This post covers the focus of my Marketplace stand at Microsoft E2 Education Exchange, held in Paris 1 2nd-4th April 2019. You can see the summary of what will be displayed here.
There are many methods available for collaboration. These are demonstrated here and increase in complexity as you move down the page.
Within a class:
The most basic form of collaborating is within a class. It can be technology free, for example, this Year 6 activity about the Great War, or this example of collecting data and developing ways of using it at senior level. Work can be shared by the teacher taking photographs and embedding into OneNote ClassNotebook, or, if mobile devices are permitted, by the students themselves.
Within our school.
Blogging by Grade 4 students in 2018, who were involved in collaborating with our regional Rural Industries Skill Training centre (usually training farmers and senior level agricultural students).
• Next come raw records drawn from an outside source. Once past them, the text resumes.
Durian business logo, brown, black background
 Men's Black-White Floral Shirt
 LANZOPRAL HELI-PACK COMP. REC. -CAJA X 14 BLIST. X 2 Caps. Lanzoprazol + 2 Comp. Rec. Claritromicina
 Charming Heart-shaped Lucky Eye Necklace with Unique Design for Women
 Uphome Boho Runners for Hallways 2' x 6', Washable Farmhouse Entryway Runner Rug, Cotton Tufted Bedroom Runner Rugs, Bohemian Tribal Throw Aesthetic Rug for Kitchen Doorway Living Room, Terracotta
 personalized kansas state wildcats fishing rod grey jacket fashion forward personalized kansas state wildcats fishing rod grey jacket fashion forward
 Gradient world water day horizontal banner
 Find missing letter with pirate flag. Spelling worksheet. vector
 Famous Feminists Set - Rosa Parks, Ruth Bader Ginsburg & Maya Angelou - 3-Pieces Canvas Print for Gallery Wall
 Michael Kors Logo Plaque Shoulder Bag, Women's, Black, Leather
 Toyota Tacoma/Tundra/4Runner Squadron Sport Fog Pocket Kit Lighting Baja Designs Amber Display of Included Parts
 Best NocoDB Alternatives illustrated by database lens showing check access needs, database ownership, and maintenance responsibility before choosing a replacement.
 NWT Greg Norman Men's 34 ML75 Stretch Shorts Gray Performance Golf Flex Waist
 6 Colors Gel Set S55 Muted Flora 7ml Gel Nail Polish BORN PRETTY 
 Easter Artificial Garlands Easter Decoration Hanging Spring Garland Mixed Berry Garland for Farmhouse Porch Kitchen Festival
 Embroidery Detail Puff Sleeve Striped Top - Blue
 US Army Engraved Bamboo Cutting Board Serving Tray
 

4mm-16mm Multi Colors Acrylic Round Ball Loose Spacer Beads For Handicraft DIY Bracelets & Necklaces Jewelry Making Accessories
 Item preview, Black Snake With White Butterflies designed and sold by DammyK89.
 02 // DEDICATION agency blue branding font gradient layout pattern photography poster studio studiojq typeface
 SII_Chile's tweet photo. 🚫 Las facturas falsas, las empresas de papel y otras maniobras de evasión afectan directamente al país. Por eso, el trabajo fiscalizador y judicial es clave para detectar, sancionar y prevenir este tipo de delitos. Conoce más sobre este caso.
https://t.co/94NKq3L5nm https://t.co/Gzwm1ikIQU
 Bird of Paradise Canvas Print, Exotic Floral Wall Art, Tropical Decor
Their experience can be seen here. This work was presented at a Microsoft Edumeet in Melbourne by the Grade 4 teacher, Stephen Mirtschin, and me in the middle of 2018.
A more advanced level of collaborating between schools is enabled by Office 365. It is aided by classes where students have 1:1 device access. This is an example being employed in 2019 with VCE Year 11 and 12 students studying History Revolutions using PowerPoint online.
This type of collaboration enables understanding of how people live and work differently from others.
When working through a subject, such as History: Revolutions, it is difficult to get the base knowledge mastered, yet the course requires students to consider different ways of looking at the same events in order to more deeply understand the range of perspectives from the time and the multitude of ways that historians have interpreted them.
The situation is exacerbated when the class is very small. In my class, we spend about 1/3 of our lesson time each week working together to collect and then analyse what we have found. I explain to the students that we can work more effectively together to maximise data collection, then give feedback to the collectors in terms of content and coverage of the topic.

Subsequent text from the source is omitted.